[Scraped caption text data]
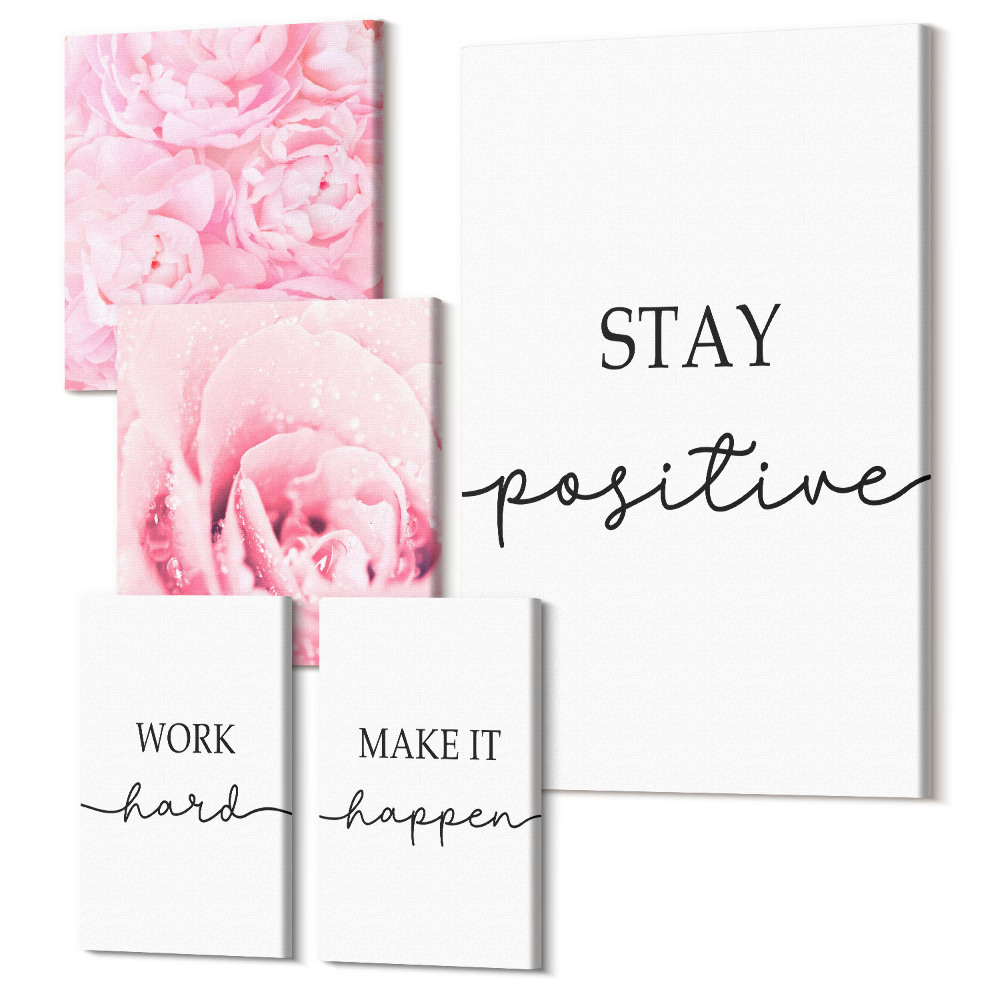 Zestaw obrazów 5 części pentaptyk Motywacyjne napisy z różowymi kwiatami do dekoracji wnętrz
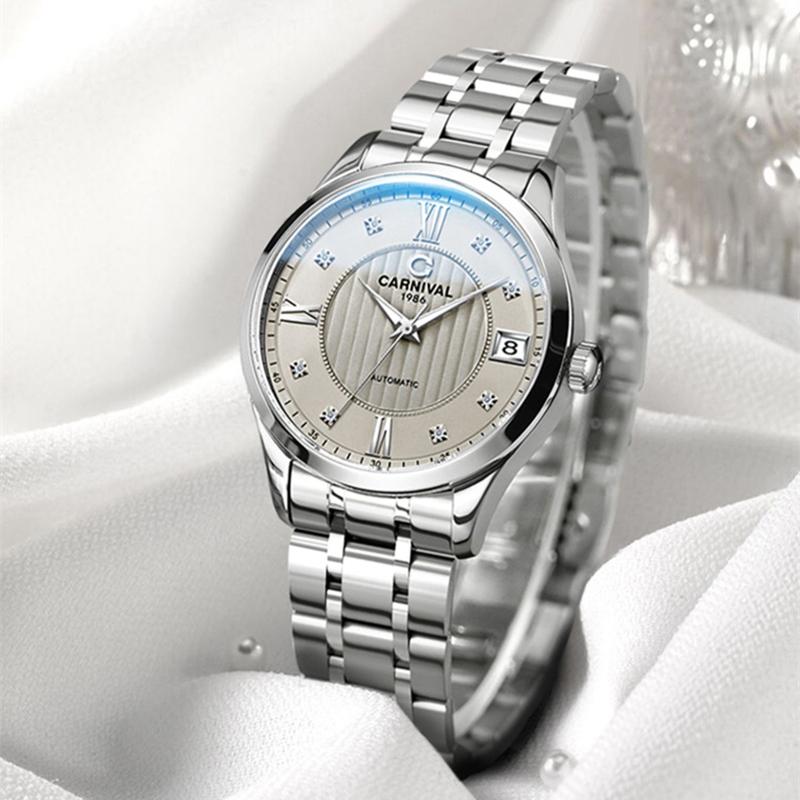 Luxury Top Brand CARNIVALAutomatic Mechanical Watch Women Sapphire Glass Miyota Movement Waterproof Fashion Ladies Watches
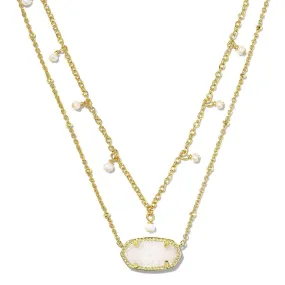 Kendra Scott | Elisa Gold Pearl Multi Strand Necklace in Iridescent Drusy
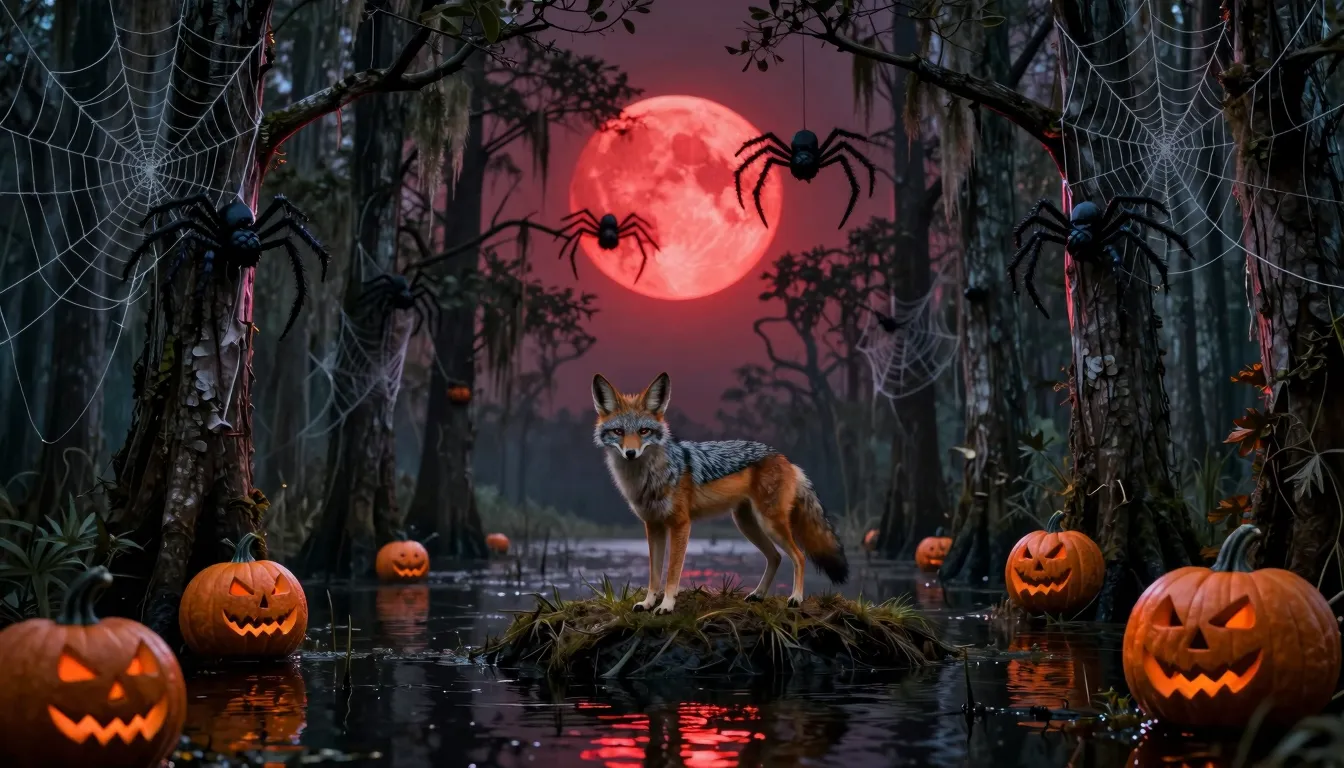 Dark fantasy art, a coyote on a swamp mound, glowing red moo...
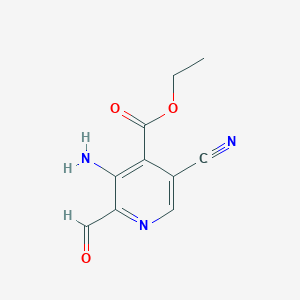 molecular formula C10H9N3O3 B3318240 Ethyl 3-amino-5-cyano-2-formylisonicotinate CAS No. 99185-85-0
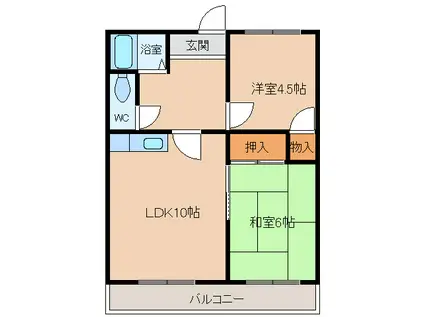 サンマンション(2LDK/3階)の間取り写真
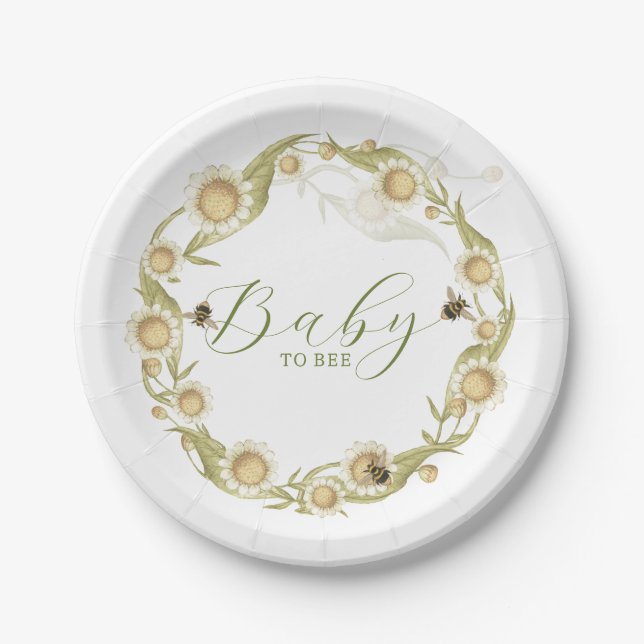 Wildblume Baby to Bee Baby Dusche Pappteller (Vorderseite)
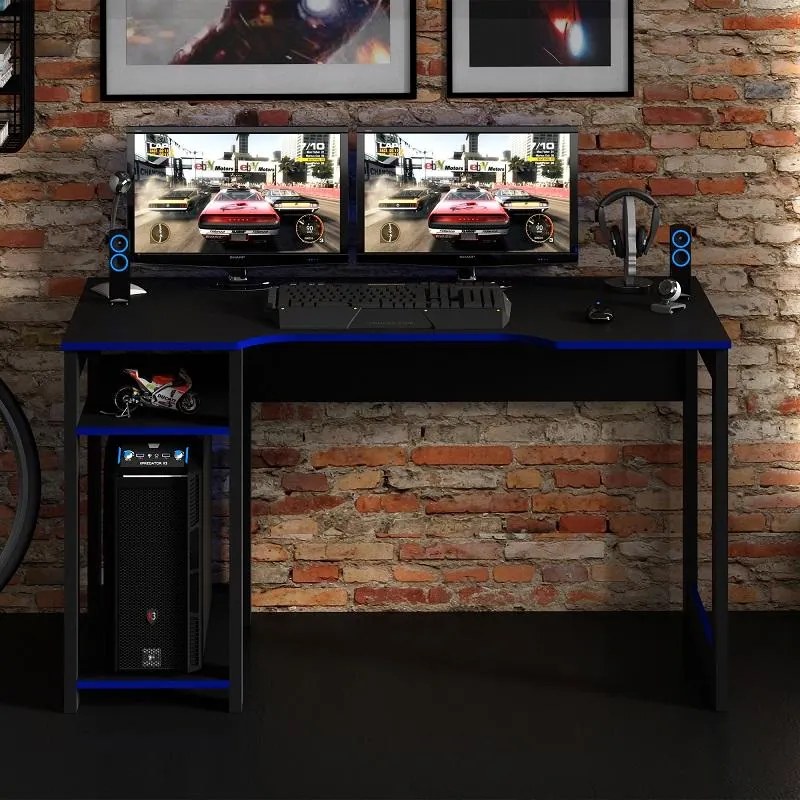 Mesa Gamer Escrivaninha Tecno Reversível Preto Azul
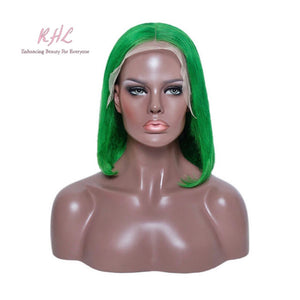 13x4 CUSTOM COLOUR  GREEN 8A Grade 100% UNPROCESSED VIRGIN HUMAN HAIR STRAIGHT Wig SHORT BOB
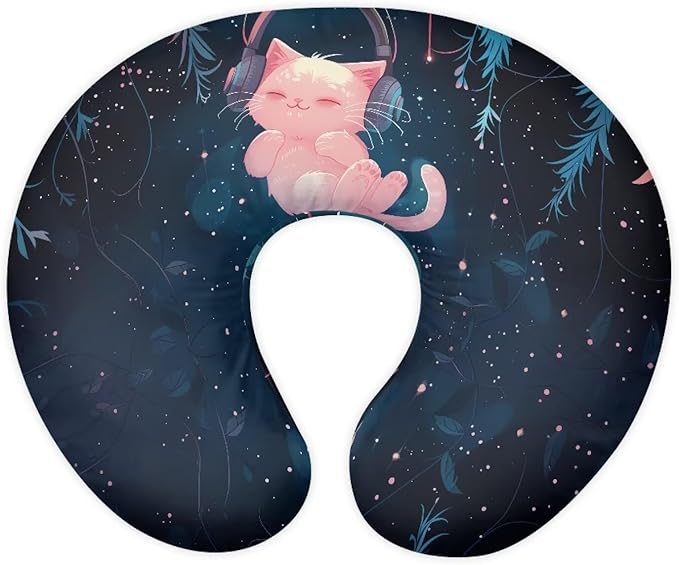 Music Cat Nursing Pillow Cover Cozy Nursing Slipcover for Feeding Pillow Hidden Zipper Design Breastfeeding Pillow Slipcover U-Shaped Soft and Skin-Friendly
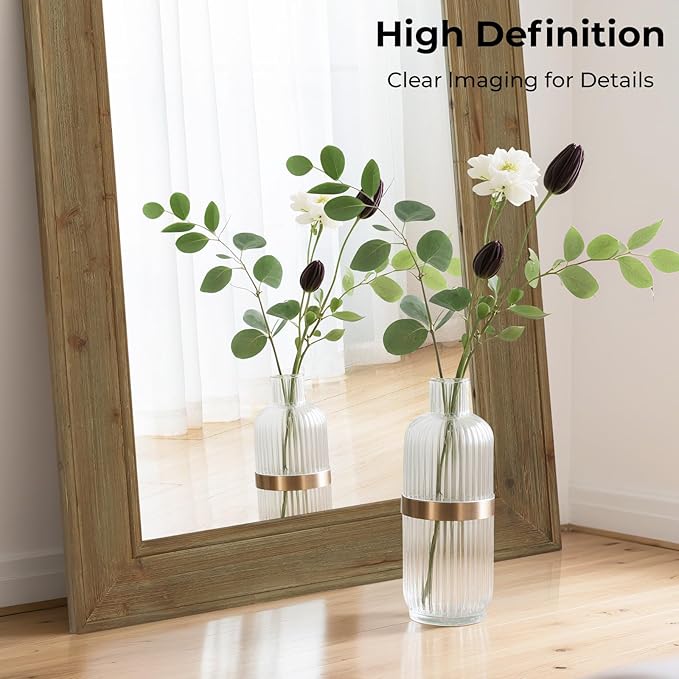 WallBeyond Full Length Mirror Rustic Wood Framed, 27 x 67 inch Farmhouse Wall Mounted Mirror Full Floor Mirror Hanging or Leaning Against Wall, Natural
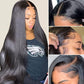 Megalook Bogo Free 5x5 HD Lace Straight Wigs Pre Plucked 180% Density Natual Black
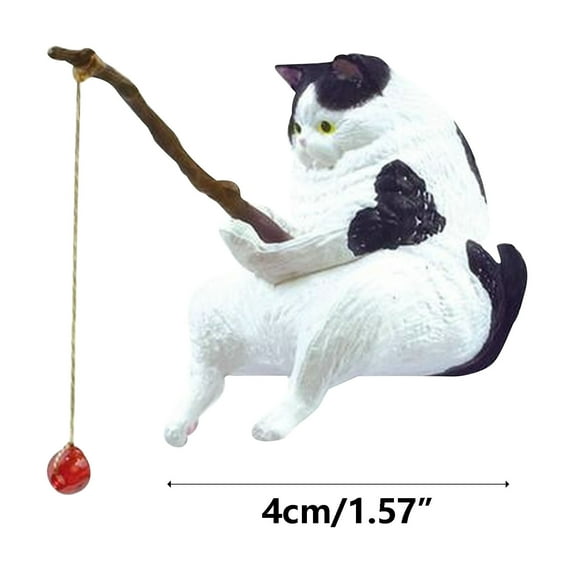 SLYNSHome Cat Fishing Sculpture Cat Statue for Garden Funny D茅cor Kitty Figurine Ornament for Tree Pond Backyard Garden Yard Room Miniature Fairy Garden Decor Accessories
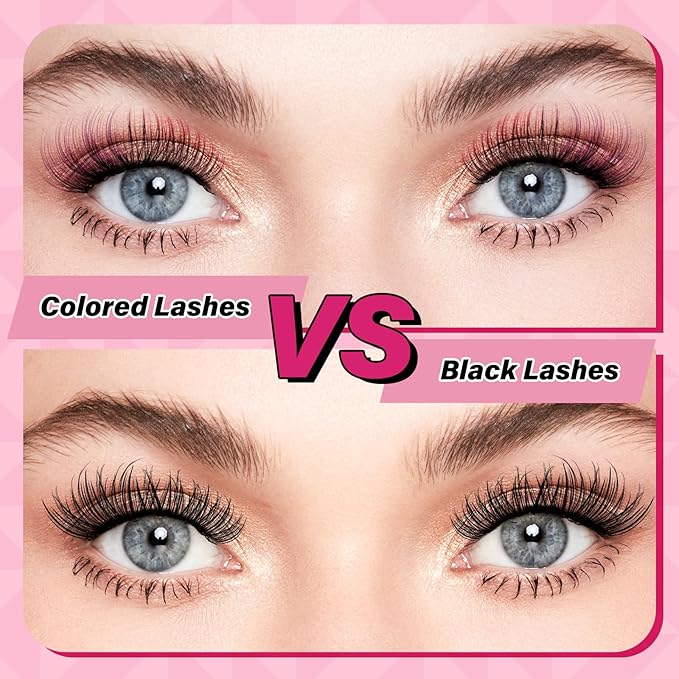 144 Pcs Colored Hollywood Lashes 8-18 Mixed Colored Lash Extension Individuals 2 Colors Pink+Purple Lash Extensions Super Thin Band And Reusable Soft & Comfortable (Pink + Purple,D-8-18mix)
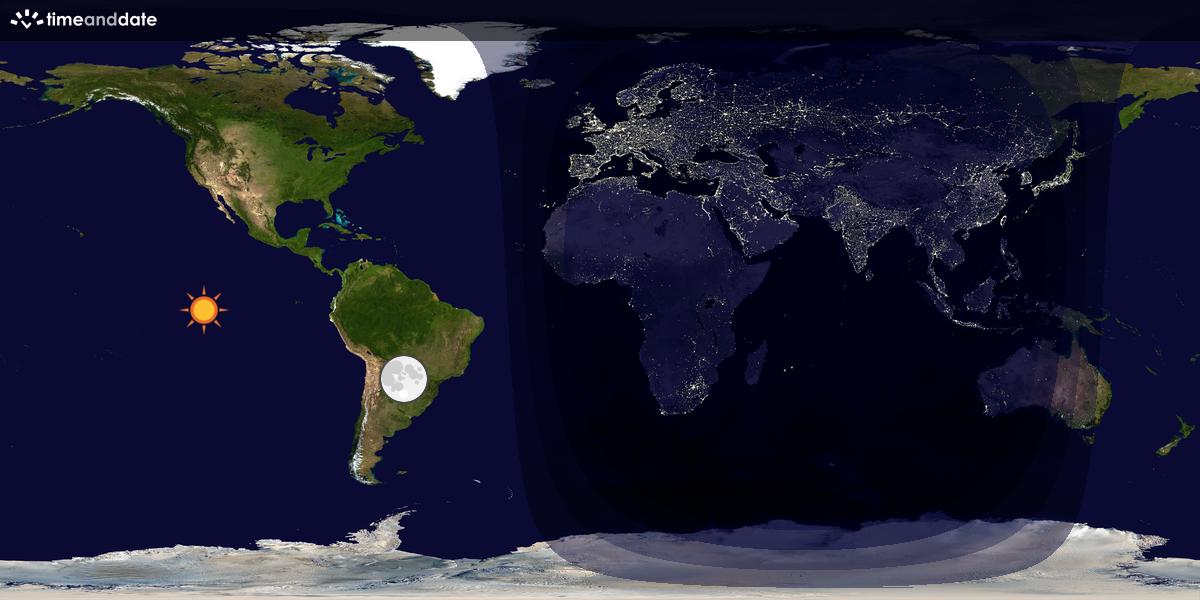 Verdenskart som viser dag og natt 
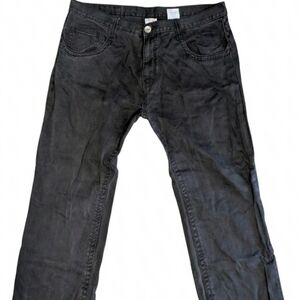 Miskeen Originals Men's Black Denim Jeans Size 42x30 Straight Leg Y2K Hip Hop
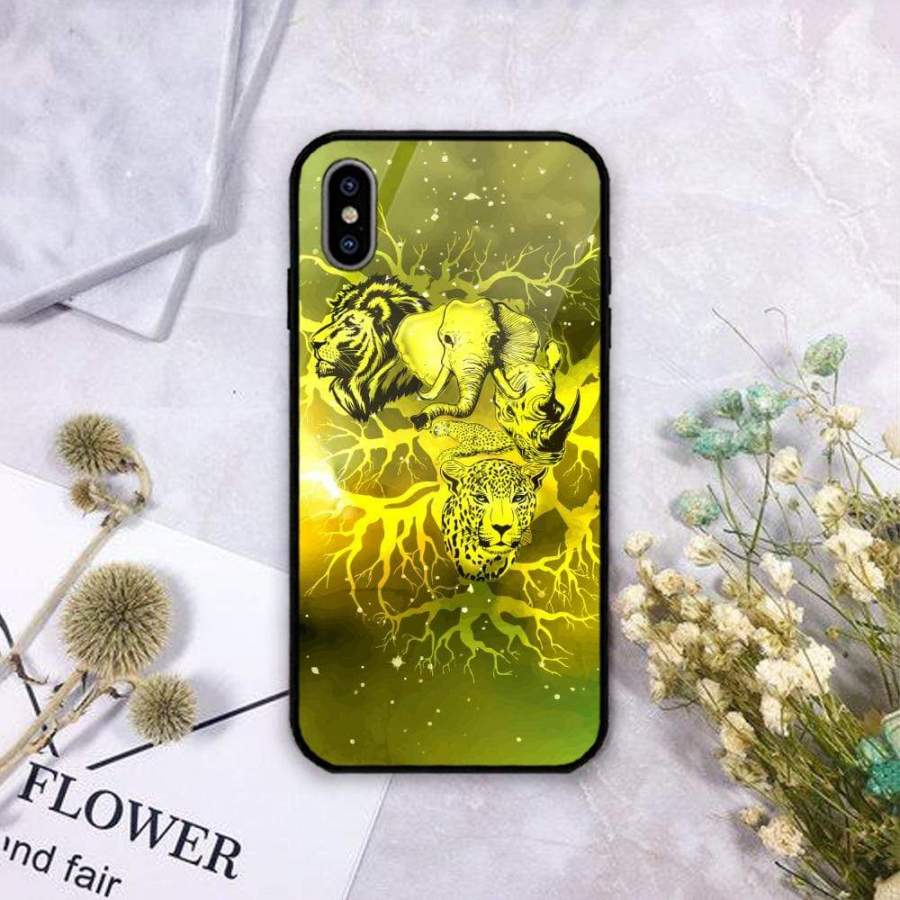 African Animal Glass Phone Case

- _TRY IT_
Because only the text is wanted, copy each record above precisely and omit its pictures.

- _RESPONSE TO THIS EXERCISE_
 Zestaw obrazów 5 części pentaptyk Motywacyjne napisy z różowymi kwiatami do dekoracji wnętrz
 Luxury Top Brand CARNIVALAutomatic Mechanical Watch Women Sapphire Glass Miyota Movement Waterproof Fashion Ladies Watches
 Kendra Scott | Elisa Gold Pearl Multi Strand Necklace in Iridescent Drusy
 Dark fantasy art, a coyote on a swamp mound, glowing red moo...
 molecular formula C10H9N3O3 B3318240 Ethyl 3-amino-5-cyano-2-formylisonicotinate CAS No. 99185-85-0
 サンマンション(2LDK/3階)の間取り写真
 Wildblume Baby to Bee Baby Dusche Pappteller (Vorderseite)
 Mesa Gamer Escrivaninha Tecno Reversível Preto Azul
 13x4 CUSTOM COLOUR  GREEN 8A Grade 100% UNPROCESSED VIRGIN HUMAN HAIR STRAIGHT Wig SHORT BOB
 Music Cat Nursing Pillow Cover Cozy Nursing Slipcover for Feeding Pillow Hidden Zipper Design Breastfeeding Pillow Slipcover U-Shaped Soft and Skin-Friendly
 WallBeyond Full Length Mirror Rustic Wood Framed, 27 x 67 inch Farmhouse Wall Mounted Mirror Full Floor Mirror Hanging or Leaning Against Wall, Natural
 Megalook Bogo Free 5x5 HD Lace Straight Wigs Pre Plucked 180% Density Natual Black
 SLYNSHome Cat Fishing Sculpture Cat Statue for Garden Funny D茅cor Kitty Figurine Ornament for Tree Pond Backyard Garden Yard Room Miniature Fairy Garden Decor Accessories
 144 Pcs Colored Hollywood Lashes 8-18 Mixed Colored Lash Extension Individuals 2 Colors Pink+Purple Lash Extensions Super Thin Band And Reusable Soft & Comfortable (Pink + Purple,D-8-18mix)
 Verdenskart som viser dag og natt 
 Miskeen Originals Men's Black Denim Jeans Size 42x30 Straight Leg Y2K Hip Hop
 African Animal Glass Phone Case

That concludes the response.